Is ‘Princess Diaries’ only for girls and the ‘Eragon’ series only for boys?

Well, when it comes to children’s books, division by gender makes them easier to sell - but is that the right way for parents and booksellers?

We say nahin, no, nope, nada! And we’re going to tell you why in 4 reasons, peppered with some heartwarming tweets from across the world.

1. Books don’t discriminate, then why should readers? Books are global sources of joy, not written or meant for a particular gender. Let’s look at a book as a story, as an idea, as a friend - and not as something that is suitable or not suitable for a particular gender.

2. Because books should be chosen basis interest, and not gender: Books have a vast impact on our minds and we should allow our children to find whatever suits their interest. Does your son like to cook or play with dolls? Maybe a cooking book with beautiful pictures will interest him. Does your daughter like martial arts? Maybe a book on a ninja warrior will interest her! And if you aren’t sure what your child’s biggest interests are yet, that’s okay - experiment with books and you’ll find their niche!

3. Books help children discover themselves: Without knowing, books help us unravel a side of ourselves that we didn’t know existed. For instance, I know readers who realised how much they cared about nature after reading Ruskin Bond. Similarly, someone might discover they like mysteries and thrillers by reading Agatha Christie! Limiting the choice of books as per the gender of the child is like limiting their potential for discovering their own self and interests.
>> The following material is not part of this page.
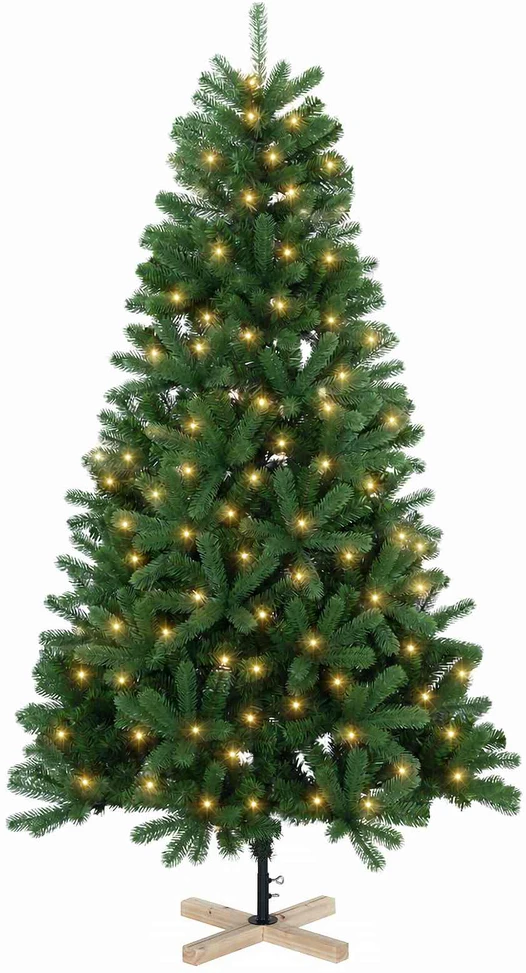 Dirbtinė Kalėdų eglutė 180 cm 300 LED Šilta balta PVC Žalia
4. Segregation reinforces gender stereotypes: For far too long, young girls have been taught they are princesses waiting for their prince to ‘rescue’ them from danger. Young boys have been taught they must be strong and not vulnerable. We need to break this rigid mould.

I spoke to my father, Deepak Mehta, about whether he ever chose book for us according to gender when my sister and I were growing up.In his words, here’s the Freadom Parent Tip of the week.

“The best thing we did was to let your sister you discover your interests first, and then the books. You were always drawn to Hardy Boys, and even looking like them - while your sister loved Princess Diaries and then suddenly had dreams of becoming a dragon rider after reading ‘Eragon’. The gender never mattered - your choice of books evolved as you evolved.”